In the remaining chapters of the third volume the focus is mainly on the division lines in the landscape of the chora, a much debated subject.6 These are elaborately and eloquently dealt with using a wealth of new evidence: geomorphological, geographical and topographical data, a very precise digital model of the terrain, and the mapped lines and data from excavations and surveys. A convincing argument is made for the interpretation of the lines as a drainage system, in which the actual presence of ditches must be understood in terms of local terrain morphology and historical development instead of as a single, chora-wide system.
Some of the most valuable parts of this publication are contained within the extensive chapters on ceramic finds in the third part of the first volume. The chapters are organized according to the different ceramic classes. They devote attention to quantification, which is illustrated with clear tables, and to the fabrics through a catalogue of the fabrics with photos of the fragments, their sections and eventual surface treatment in detail.
The Archaic and black-gloss fine wares are treated in a single lengthy chapter. The analysis of these materials has revealed some interesting data, such as pottery locally produced in the earliest phase of Greek occupation of the chora which can be considered as re-elaboration of proto-Corinthian and East Greek models in the second half of the 7th century. Surprisingly, the chora has not yielded many black-gloss production centres, but the black gloss that was found is likely to have been produced in a rural production centre and not in the Metapontine Kerameikos. The different locations of production in the chora share a similar sedimentology which, together with comparable practice, resulted in analogous productions. Especially for the Hellenistic period, the survey revealed a wide range of black-gloss fragments producing a large dataset of different forms and the refinement of traditional chronologies of several shapes.
The study and analysis of grey wares has led to the identification of Metaponto as a production centre for which both Pantanello (Pizzica) and Sant’Angelo Vecchio have yielded evidence. The surveys revealed relatively scanty figured wares, which belonged mostly to Lucanian and Apulian red-figured pottery, some Attic black- and red-figured pottery and a few Gnathia vessels. A large number of fragments have not been attributed to a workshop and sometimes not even to the Lucanian or Apulian group, due to their bad preservation. However, some observations have been made on distribution patterns and the functional range in the chora.
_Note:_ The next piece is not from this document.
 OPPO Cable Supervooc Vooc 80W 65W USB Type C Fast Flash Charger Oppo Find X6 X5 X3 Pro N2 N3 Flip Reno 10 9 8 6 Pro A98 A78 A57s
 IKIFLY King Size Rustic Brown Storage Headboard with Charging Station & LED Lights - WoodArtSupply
The plain and banded wares make up a large part of the dataset, of which the principal shapes and a typology of the most common forms of ‘table wares’ are shown in detail. The high number of fragments discussed in this chapter is partially due to the combination of these classes with the pottery made of coarse fabric, all brought together under the term ‘utilitarian ware’. This ware is divided into table, storage and kitchen wares, directly associating a function with the pottery as opposed to the distinctions between other classes which are based on chronology, surface treatment or style. Even if the detailed division into different functions might be debated (considering that other classes have been divided on the basis of decoration or surface treatment and not on their function), it is well explained and therefore transparent and open for reassessment. The lamps have been given a separate chapter with attention paid to fabrics, quantification, distribution and typology. In addition, the Greek and Roman Republican cooking wares are treated separately in Chapter 11, which includes a useful detailed discussion of the differences between pans, casseroles and cooking pots.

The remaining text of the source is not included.